Бунин, Блок, Горький, Гюго, Диккенс, Достоевский, Дюма… Стандартный набор любой библиотеки. Большинство книг были старыми, с пожелтевшими страницами и разлохматившимися корешками. На некоторых обложках расплывались сероватые пятна, будто они долго лежали в сыром месте.
– Да, готовлюсь, раз уж есть свободное время…
– К чему?
Тамара дошла до буквы «К», наткнулась на пару книг Кинга и Агаты Кристи, повертела их в руках и поставила обратно на полки. Нет, только вот котов-зомби и хладнокровных убийц ей сейчас и не хватало. Вот бы здесь нашлось что-то из фэнтези… Что-нибудь про закрытую школу, желательно какую-нибудь волшебную, как «Дом странных детей» или «Школа добра и зла»…
– Собираюсь поступать в МГЛУ, на переводческий факультет, – помолчав немного, ответила Соня – медленно, осторожно, будто это была какая-то тайна, которую не всем можно рассказать.
– Мечтаешь переводить книги? – догадалась Тамара и выглянула из-за стеллажа, чтобы проверить, попала она в цель или нет.
– Да! – Соня просияла. Причем, можно сказать, в буквальном смысле: она сейчас стояла так, что свет настольной лампы красиво обрисовывал ее беспокойные сухие пряди, разбросанные по плечам, и бледное лицо с острым подбородком и созвездием мелких красных прыщиков на лбу и щеках. – Именно! Но как же ты…
– Это было нетрудно, – самодовольно отмахнулась Тамара. – Ты такая… – Она хотела сказать «книжная гусеница», но передумала. – Ты очень любишь читать, это сразу видно.
Она сняла с полки книгу в темно-зеленой обложке – «Самые удивительные замки мира», – пролистала и решила, что если не найдет ничего лучше, то посмотрит повнимательнее.

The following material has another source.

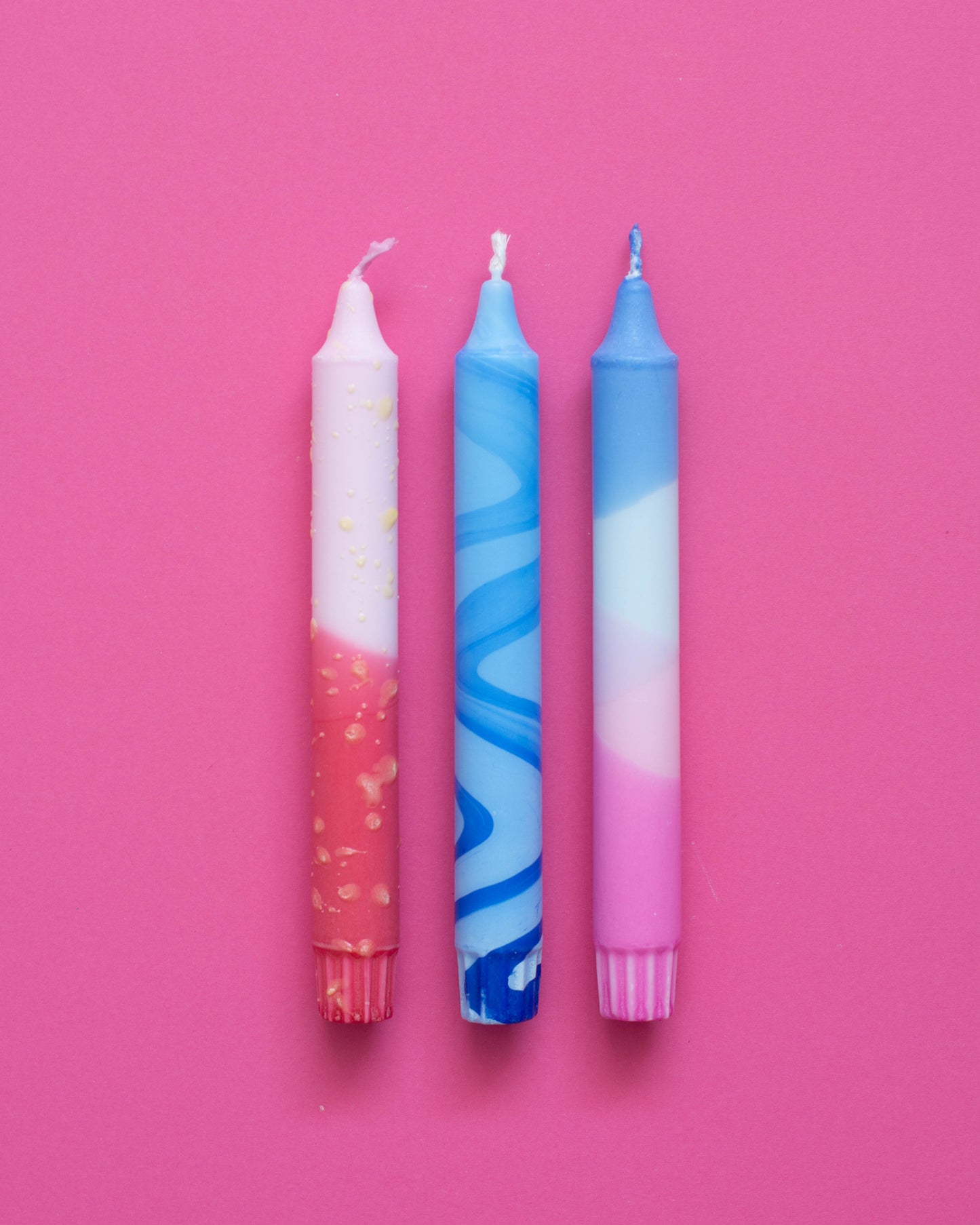 3-pack Taper Candles Summer Blue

– Да, обожаю. Поэтому всегда хотела работать с книгами – быть редактором или переводчицей. Это же удивительно – помогать рождаться на свет историям. Разве нет?

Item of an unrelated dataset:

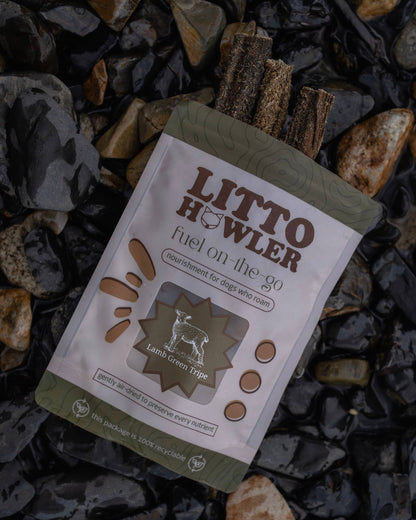 Dehydrated Lamb Green Tripe Sticks | 6 Sticks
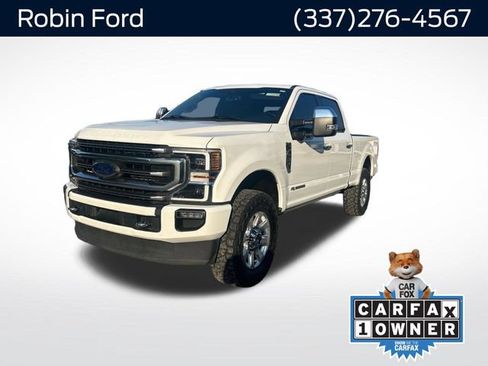 Used 2021 Ford F250 Platinum w/ FX4 Off-Road Package AWD/4WD image 1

– Рождаться на свет? – Тамара призадумалась. – Получается, и редакторы, и переводчики, и корректоры – это что-то вроде книжных акушерок?
– Тамара! Изумительная метафора!
– Да брось! – Тамара дошла до конца алфавита и стояла перед полкой, на которой сиротливо выстроилось полдюжины книжек на иностранных языках. Парочка на французском и одна, кажется, на немецком.
Тамара наугад качнула на себя один из томов – черный, с вытершимися золотыми буквами, боязливо коснулась хрупких пожелтевших страниц, испещренных незнакомыми буквами. На обложке название прочесть не удалось. С первых страниц на Тамару глядел усатый мужчина с высоким лбом. То есть смотрел он не на Тамару, а на ту часть разворота, где четким, чуть вытянутым вверх шрифтом было отпечатано: Also Sprach Zarathustra. И чуть ниже: Friedrich Nietzsche. А внизу страницы – год: 1891.
Тамара не знала немецкого, но «Фридрих Ницше» и «Заратустра», конечно, поняла сразу. И вспомнила, что жил когда-то давно такой немецкий философ и он написал книгу, которая, кажется, называлась «Что сказал Заратустра» или еще как-то так.